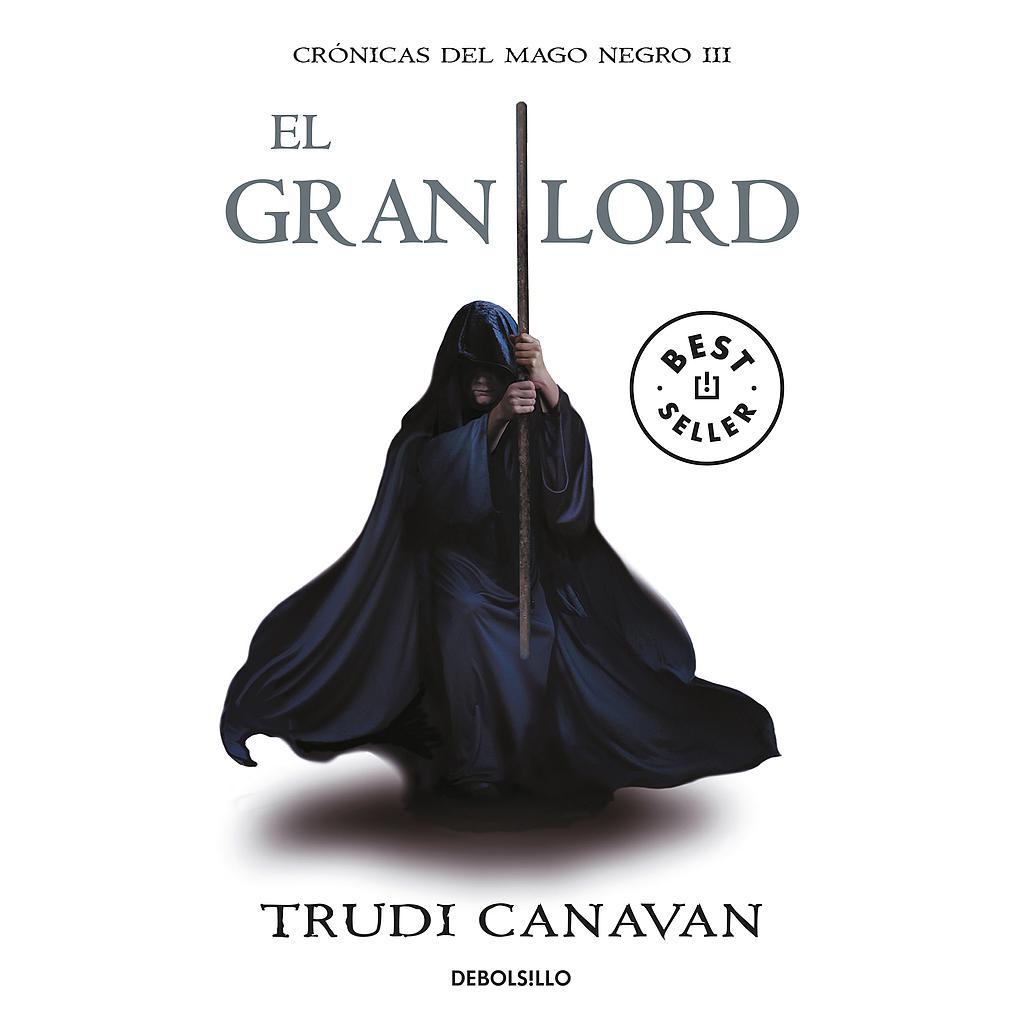 El gran lord (Crónicas del Mago Negro 3)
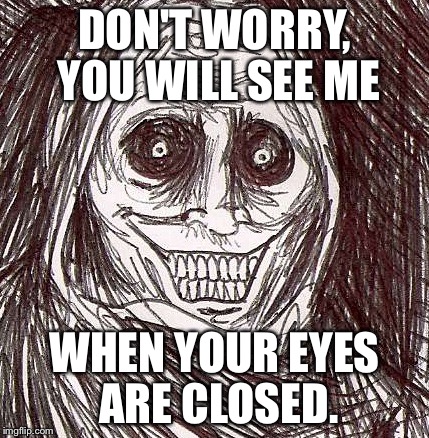 Unwanted House Guest | DON'T WORRY, YOU WILL SEE ME; WHEN YOUR EYES ARE CLOSED. | image tagged in memes,unwanted house guest | made w/ Imgflip meme maker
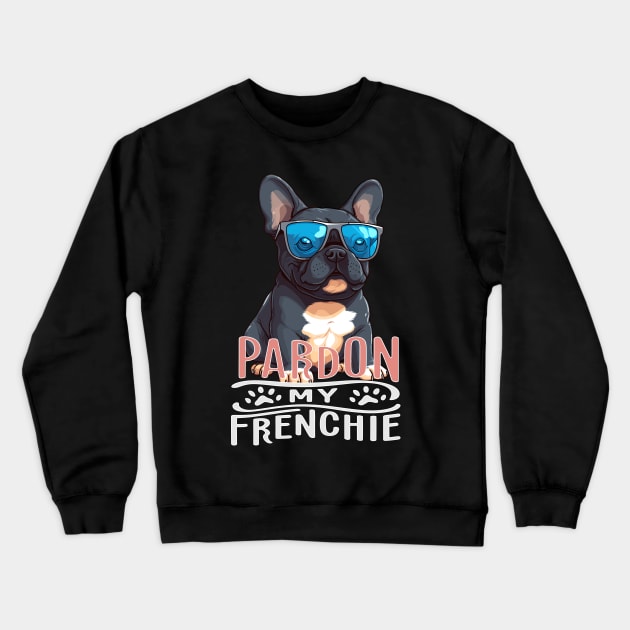 Pardon My Frenchie French Bulldog for Men Women Dog Lovers Crewneck Sweatshirt by Vermilion Seas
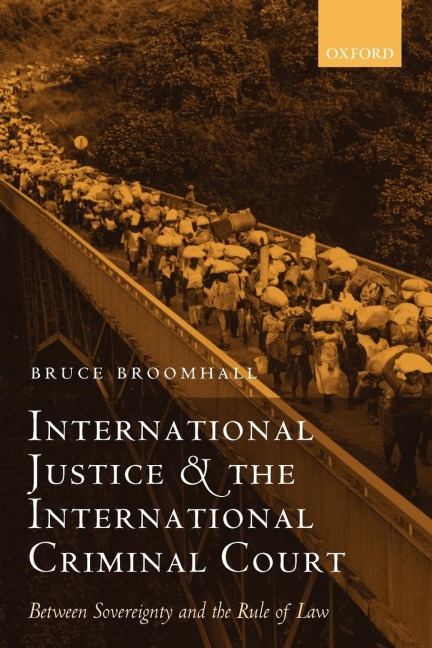 International Justice and the International Criminal Court: Between Sovereignty and the Rule of Law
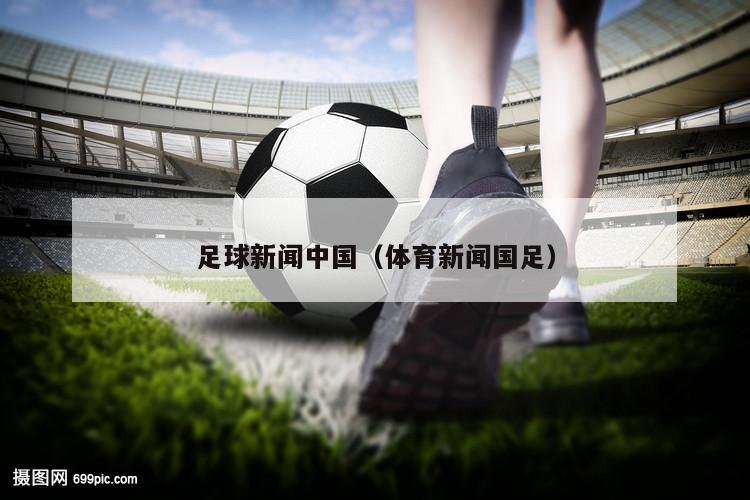 足球新闻中国（体育新闻国足）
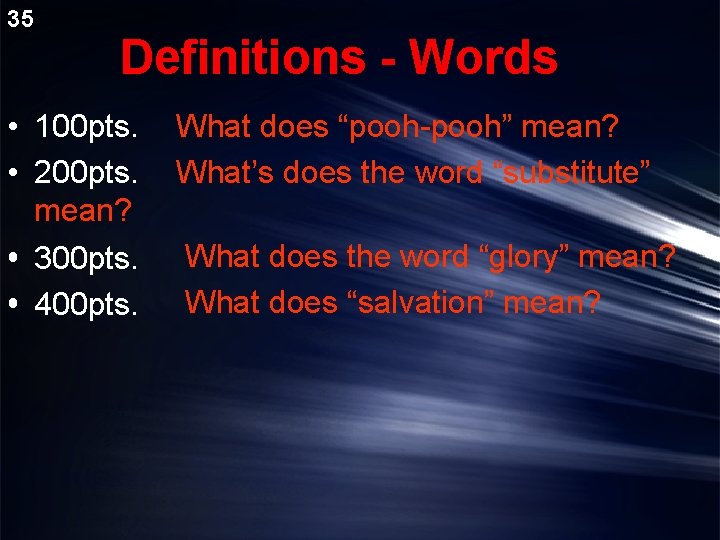 35 Definitions - Words • 100 pts. • 200 pts. mean? • 300 pts.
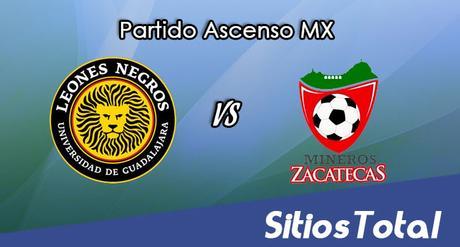 Leones Negros vs Mineros de Zacatecas en Vivo – Online, Por TV, Radio en Linea, MxM – AP 2016 – Ascenso MX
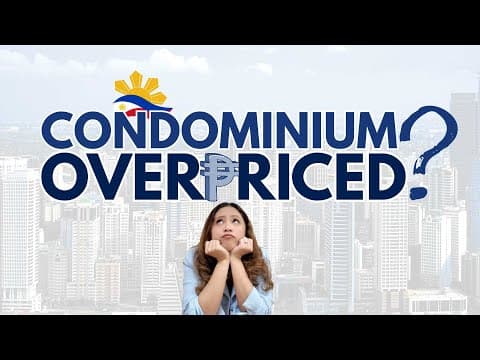 Are Condo Overpriced in the Philippines? | Ang Dahilan Bakit Hindi Bumababa ang Presyo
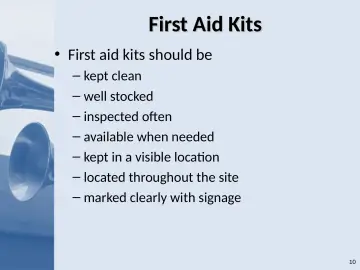 Slide 10: First Aid Kits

**PROBLEM TO WORK ON**
Leave the pictures out, and reproduce only the lines from the line holding "足球新闻中国（体育新闻国足）" through the last line of the material, both included.

**ANSWER AREA**
 足球新闻中国（体育新闻国足）
 35 Definitions - Words • 100 pts. • 200 pts. mean? • 300 pts.
 Leones Negros vs Mineros de Zacatecas en Vivo – Online, Por TV, Radio en Linea, MxM – AP 2016 – Ascenso MX
 Are Condo Overpriced in the Philippines? | Ang Dahilan Bakit Hindi Bumababa ang Presyo
 Slide 10: First Aid Kits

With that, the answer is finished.